And a little Glad News - we are recording their Circus Song, but you'll have to wait for the next episode to hear it with the full music.

Read by Natasha. Story by Bertie (with lots of inspiration from Natasha). Proofread by Claire Deakin. Duration 15.20 min. Picture of Gladys and the band arriving by limo for Storynory by Tania Fernandes

The chix walked out onto the darkened stage. They took their places, and the music began to play – a sort of circus beat. Still in the semi-darkness, Laura began to sing the first few words into her radio microphone that was clipped to her costume. She was looking almost straight into a TV camera.

You taught me to fly and to swoop to your arms,
and though I soared high I came to no harm.

Then the full backing music kicked in and the lights went up at the same time.

You sawed me in half and you pulled me apart
and though I really laughed, you had broken my heart…

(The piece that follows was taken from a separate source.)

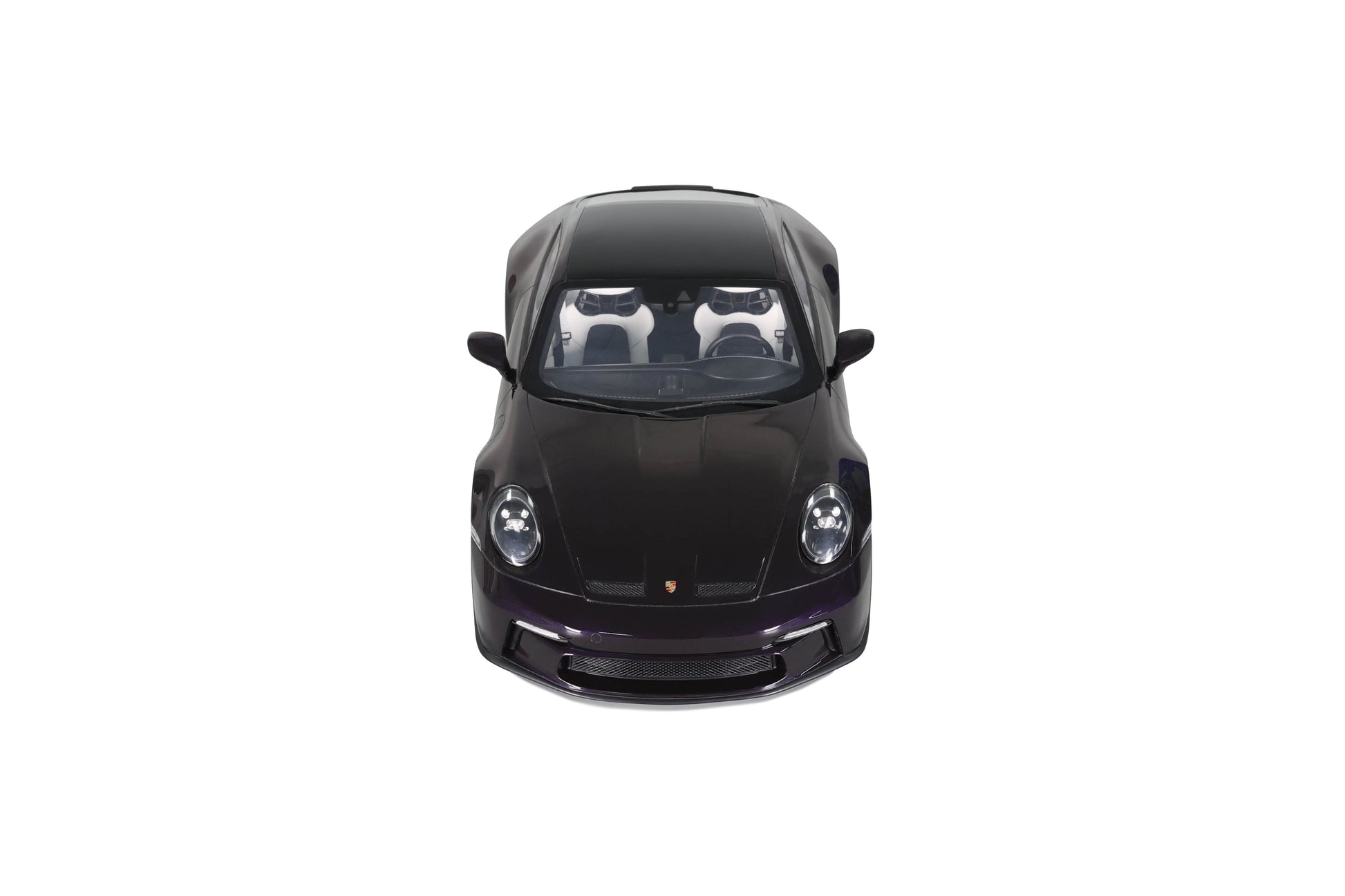 GT Spirit 2021 Porsche 911 992 GT3 Touring Viola Metallic Purple 1:12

The girls started to do their moves - all based on a circus act. Mandy lashed her ringmaster’s whip, and Sam, who was quite athletic, did some impressive tumbles and turns, as well as a funny clown walk in time to the music. Laura acted out the words while she sang. She walked an imaginary tight rope, rattled the bars of an invisible cage, and she pretended to eat fire.

The studio audience whooped and cheered, but Gladys knew that what really counted was the votes of the viewers with the red buttons on their remotes.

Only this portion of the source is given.